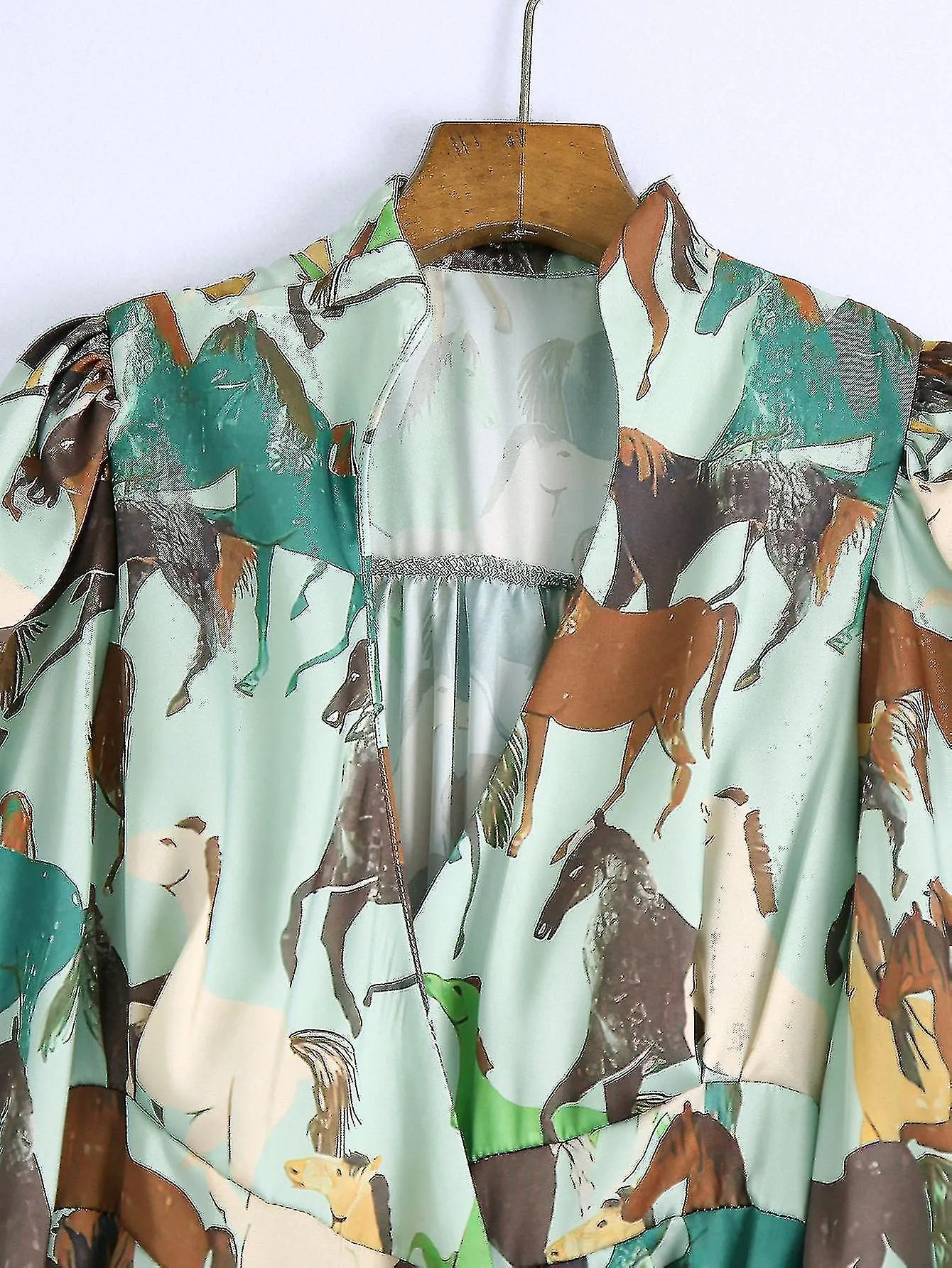 Vestido de manga larga con estampado de caballo para mujer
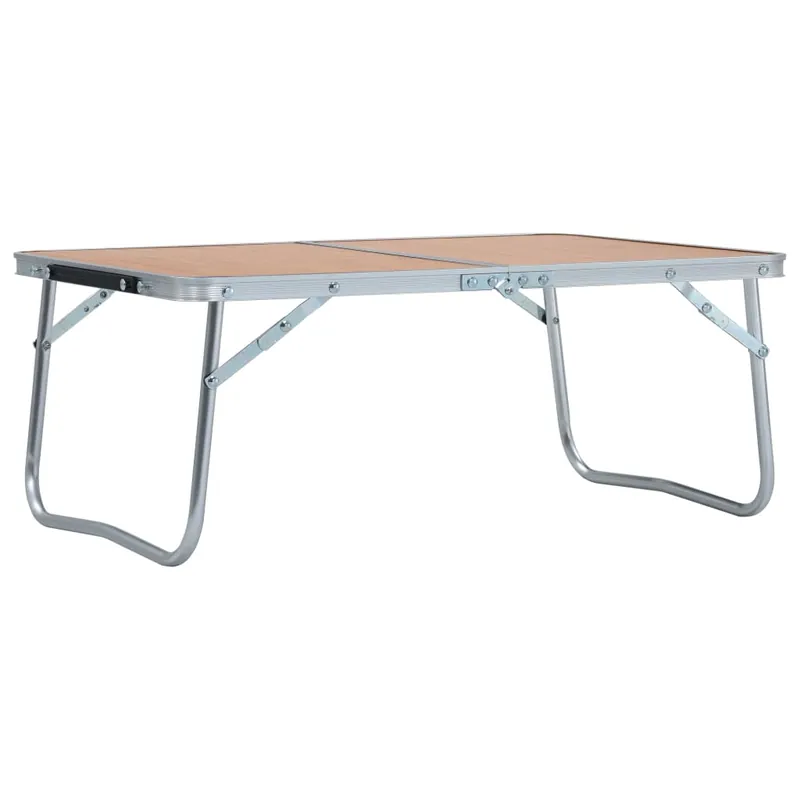 vidaXL Mesa de camping plegable aluminio marrón 60x40 cm - Jardín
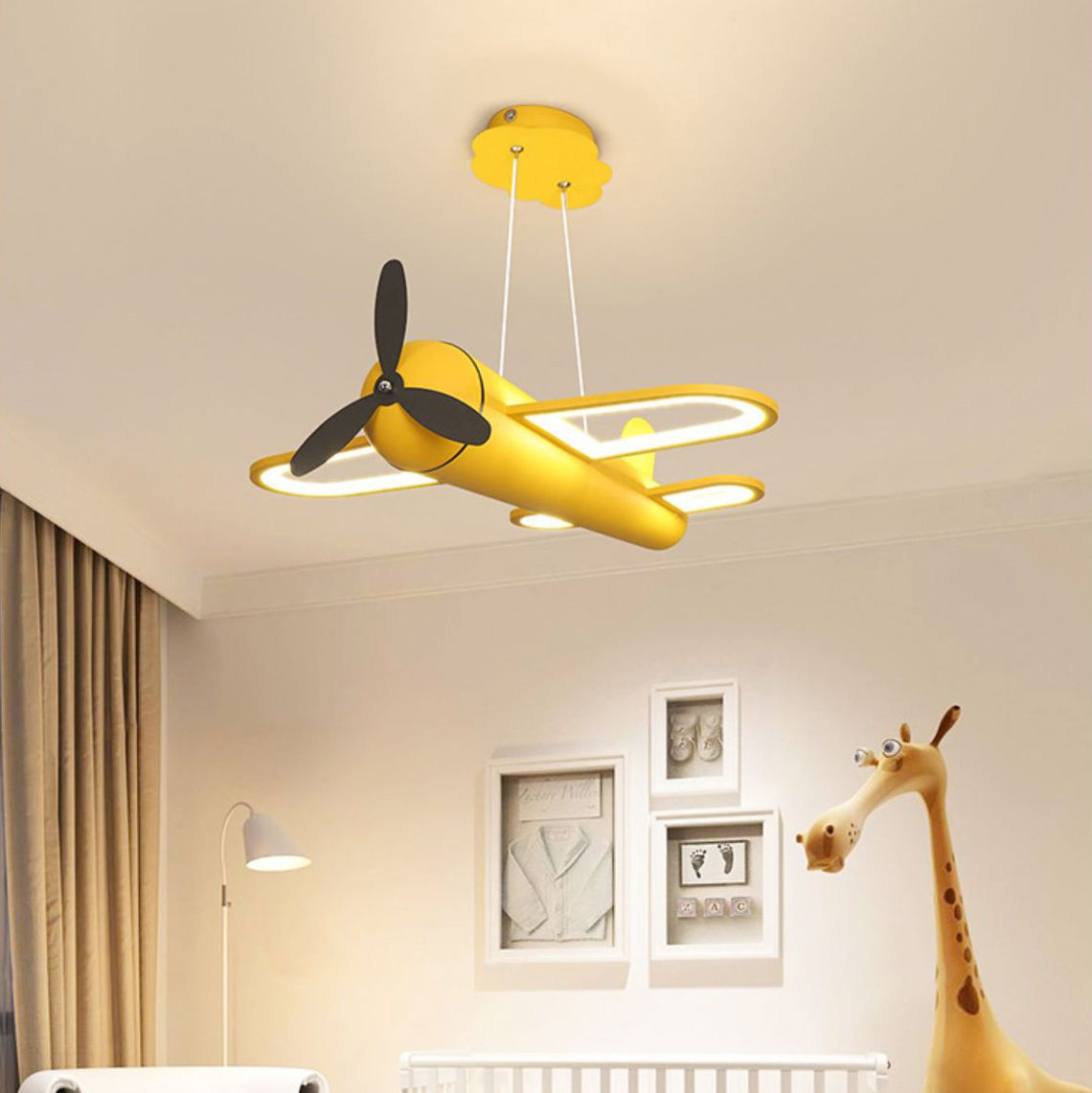 Lumendat Contemporary Creative Kids Airplane Iron Acrylic LED Chandelier For Bedroom Lumendat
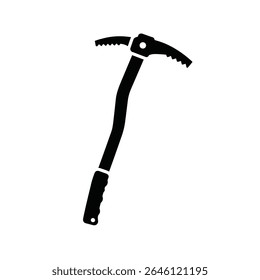 Ice axe icon climbing equipment winter sport tool.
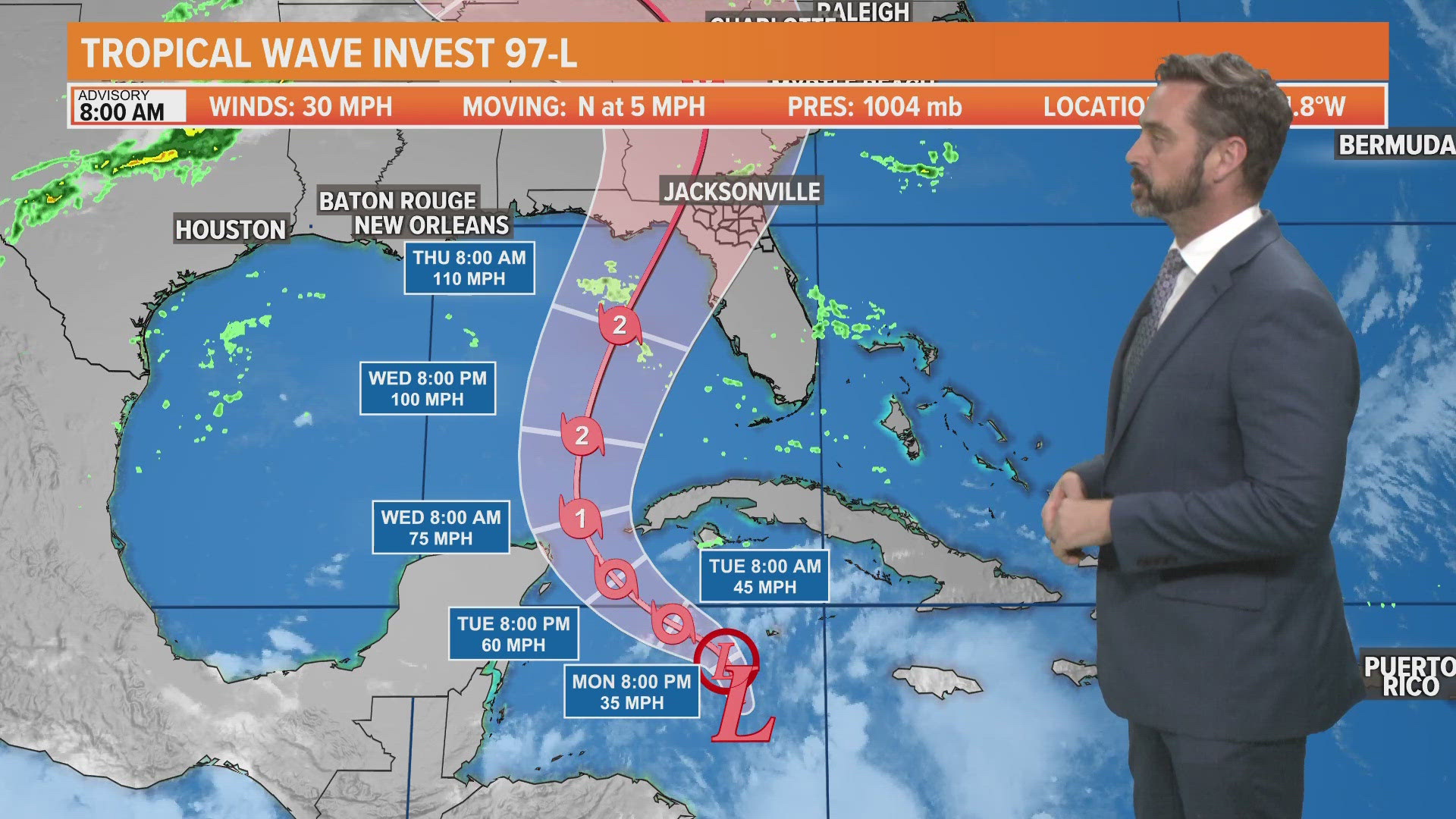 Both the intensity and directional forecasts have this storm becoming a hurricane by early Wednesday morning. It would be named Helene.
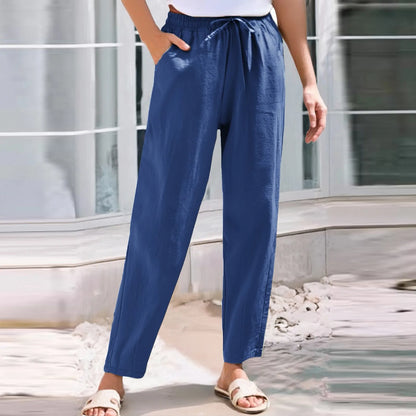 Women Cropped Pants Cotton Linen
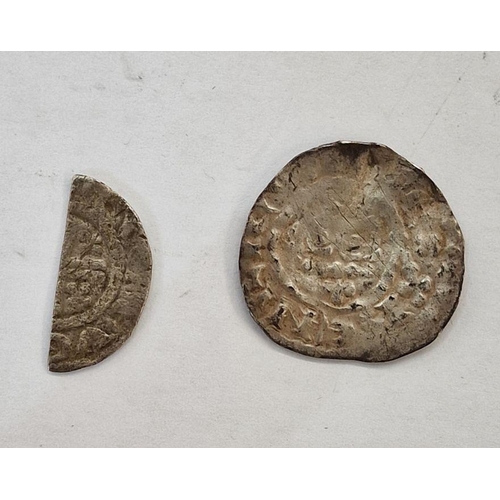 437 - Henry II penny, RAVL of London class 2b short cross on a large flan in fine condition & John cut hal... 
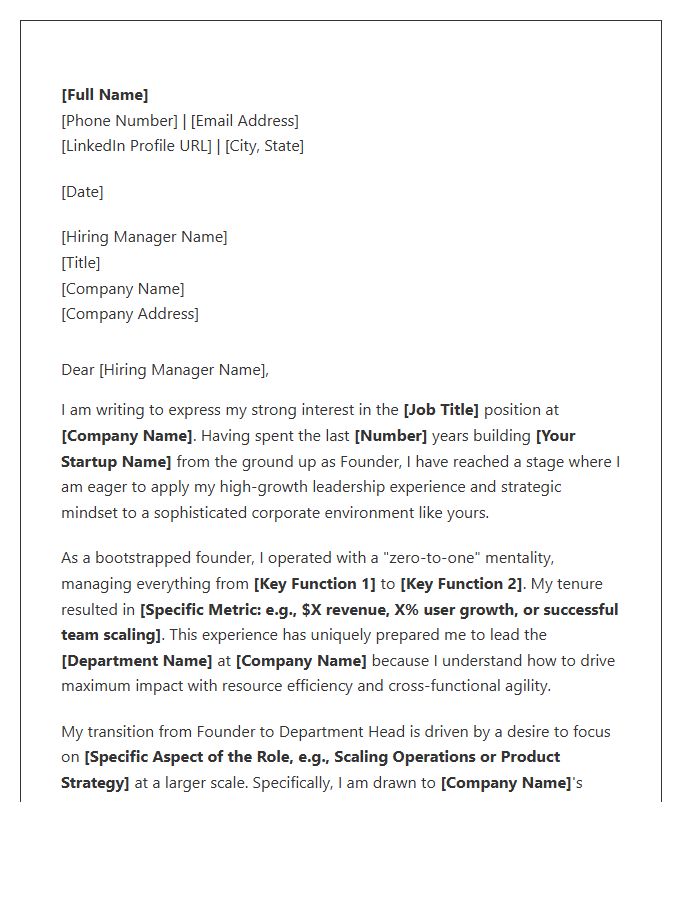 Bootstrapped Founder To Corporate Department Head Cover Letter Template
================
**Work to be completed:** Retype the data above exactly. Leave the pictures out.

**Answer to the problem:**
 Vestido de manga larga con estampado de caballo para mujer
 vidaXL Mesa de camping plegable aluminio marrón 60x40 cm - Jardín
 Lumendat Contemporary Creative Kids Airplane Iron Acrylic LED Chandelier For Bedroom Lumendat
 Ice axe icon climbing equipment winter sport tool.
 Both the intensity and directional forecasts have this storm becoming a hurricane by early Wednesday morning. It would be named Helene.
 Women Cropped Pants Cotton Linen
 437 - Henry II penny, RAVL of London class 2b short cross on a large flan in fine condition & John cut hal... 
 Bootstrapped Founder To Corporate Department Head Cover Letter Template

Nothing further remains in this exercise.